Updated description by mtbgreg1, circa 2010:
Detailing one specific route at Big Creek is impossible. I will cover the area in detail below and attempt to include directional information as I do so, but it will be up to you to choose the best route after that. Don't worry, the trail signage is very thorough and will be sufficient to keep you from getting too turned around.
Cross Country Mountain Biking
The 6 or so miles of cross-country oriented singletrack trails of Big Creek are well-maintained, well-marked, and entertaining to ride. The trails are labeled with different colors based on their level of technical difficulty, so its easy to pick the trail that will serve your needs the best.
The black/advanced trails feature plenty of rocks, some log rides and other features, a few stiff climbs, and a couple of drop offs.

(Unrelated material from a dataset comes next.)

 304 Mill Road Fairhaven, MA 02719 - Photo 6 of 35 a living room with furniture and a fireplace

Most of the trails are directional, so check the signs and pay attention to what day of the week it is!
While the cross-country trails are pretty cool, Big Creek's true claim to Atlanta area fame are its downhill and dirt jump-oriented trails. From what I hear, there is really no other place in Atlanta with this kind of riding, and possibly only 1 other place in the state of Georgia with downhill-specific trails! There are about 5-7 different trails to choose from packed tightly together on a hill side located about a mile down the greenway. There are also a number of rock drops spread throughout the area, with 4 or so on the backside of the upper ridge dropping down towards a maintained park.
I've ridden my All Mountain bike down many of these trails before, and I've heard people say that they really don't live up to true downhill-oriented trails. While that may be true, I know that I definitely don't feel comfortable on a 5" travel bike bike when:
pinning it (that means going completely balls-out high-speed for those not familiar with moto lingo) through the rock gardens containing mini boulders and 3 foot drops after many of the rocks
sending a 3 foot high booter to a super long landing (where you could get as much air as you want)

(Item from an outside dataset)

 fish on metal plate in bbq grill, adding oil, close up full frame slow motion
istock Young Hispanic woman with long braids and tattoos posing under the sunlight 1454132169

airing a 15 ft long table top
doing various rock drops ranging from 4ish feet to 7-8 feet
Bearing in mind that these trails are located in Atlanta, I'd say the terrain is pretty freaking sweet!
Big Creek has a dedicated line of high-quality purpose-built dirt jumps that run along the top of the ridge above the other downhill and freeride runs. There are a mix of different size jumps ranging from relatively small to one with a lip that's pushing 6 feet high or more. To the best of my knowledge, there is nowhere else in Atlanta, or even the state of Georgia for that matter, with an area that even comes close to comparing to the near-professional grade of these jumps. While most of the riders I have seen sessiong them have been on dirt-jumping mountain bike frames, I've witnessed a number of BMXers sending it big time as well.
Located directly in the center of all of the action, the banked slalom-type course seems to be the focal point of all the attention. It is appropriate that all the other trails seem to be built around it, as riders of all different disciplines can navigate the slalom run. For instance, when I was last out at Big Creek, I saw a kid on a rigid single speed 29er rolling down through the berms.
So granted, the big berms and flow are going to be accessible to anyone on almost any bike. To really rail this trail and air out the big table tops, however, you're going to need to be riding something much more aggressive than a rigid SS 29er. A dirt jump bike would be perfect for this kind of work, and a BMX bike or a downhill bike would also function passably, despite being on opposite ends of the bicycle-size spectrum.
One of the newest additions to Big Creek is a pumptrack with beginner and advanced lines. Come here to get your first taste of rollers and berms, or to rack the speed up and get your flow on!
Night riding at specific times, with approved leaders only.